• **MATERIAL FOR THIS EXERCISE**:
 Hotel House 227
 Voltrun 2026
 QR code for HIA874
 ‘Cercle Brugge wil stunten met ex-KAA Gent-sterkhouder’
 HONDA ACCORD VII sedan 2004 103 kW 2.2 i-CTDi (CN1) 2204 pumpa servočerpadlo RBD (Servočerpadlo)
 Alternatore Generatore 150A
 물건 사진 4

==

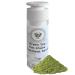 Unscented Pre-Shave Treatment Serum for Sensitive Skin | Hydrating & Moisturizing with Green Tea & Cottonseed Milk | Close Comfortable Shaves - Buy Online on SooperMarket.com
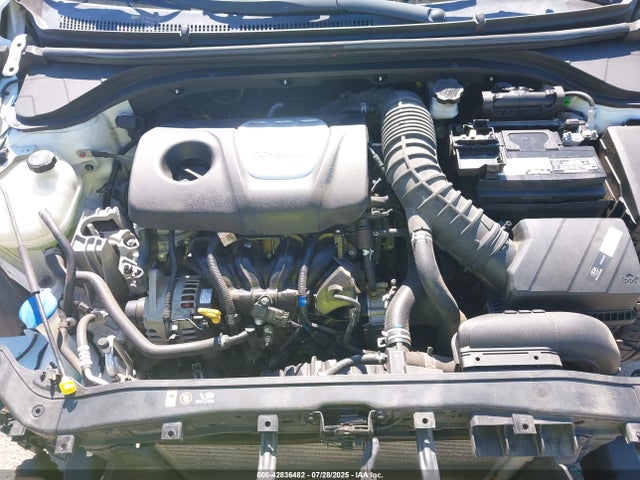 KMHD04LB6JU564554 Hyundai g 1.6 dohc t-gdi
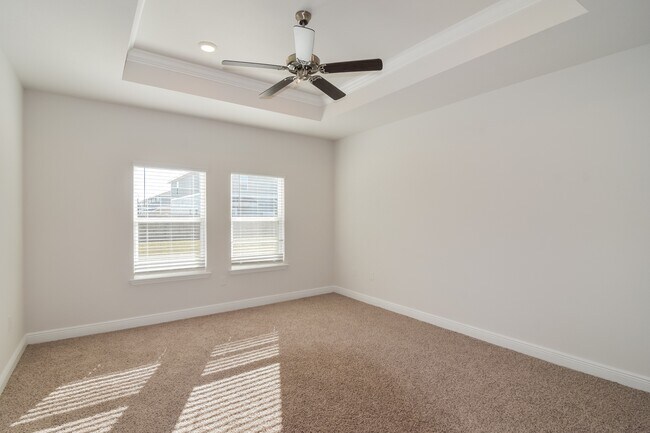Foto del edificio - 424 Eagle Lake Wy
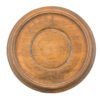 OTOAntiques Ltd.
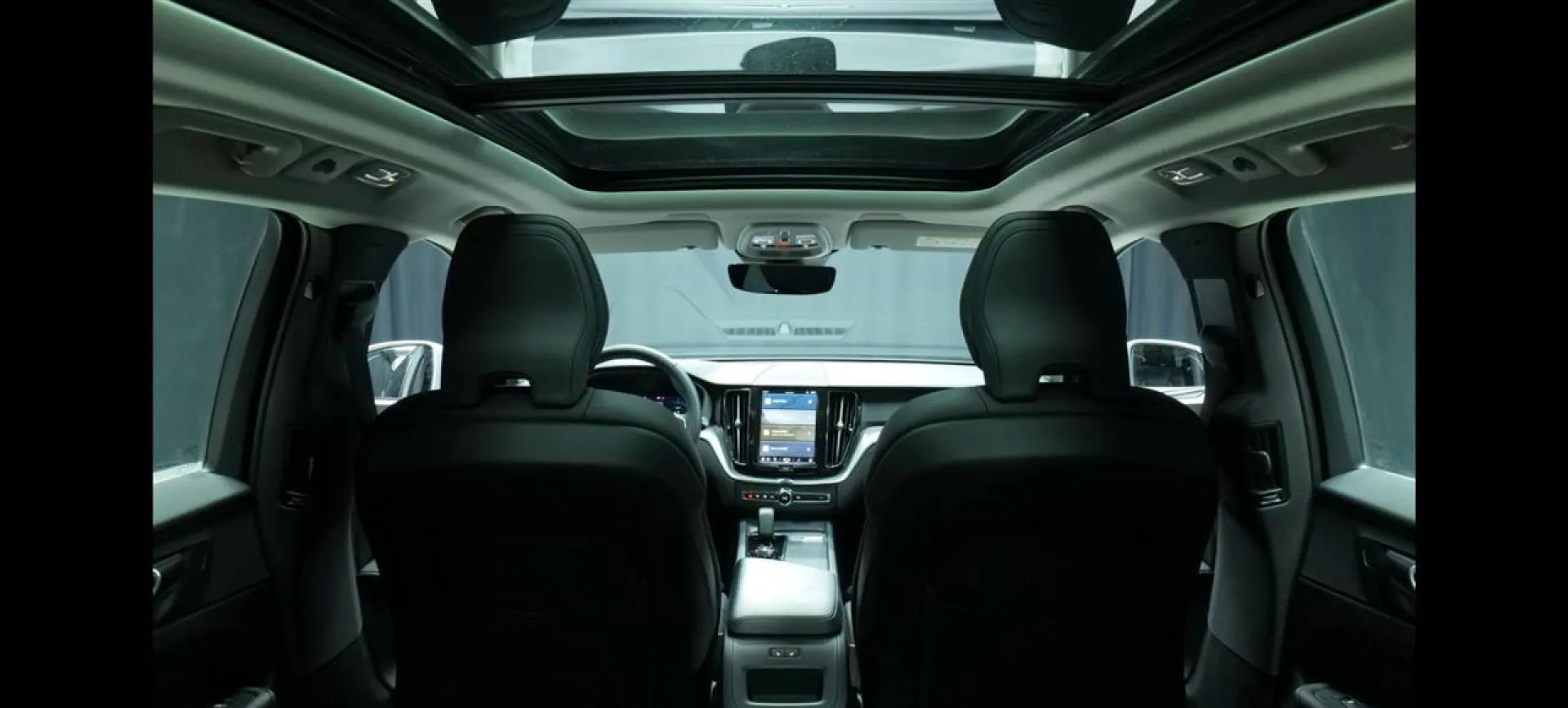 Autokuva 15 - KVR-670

• **PROMPT**: Repeat, word for word, the lines of the material above from the one holding "Unscented Pre-Shave Treatment" through the one holding "Autokuva 15 - KVR-670". Leave out pictures.

• **ANSWER AREA**:
 Unscented Pre-Shave Treatment Serum for Sensitive Skin | Hydrating & Moisturizing with Green Tea & Cottonseed Milk | Close Comfortable Shaves - Buy Online on SooperMarket.com
 KMHD04LB6JU564554 Hyundai g 1.6 dohc t-gdi
Foto del edificio - 424 Eagle Lake Wy
 OTOAntiques Ltd.
 Autokuva 15 - KVR-670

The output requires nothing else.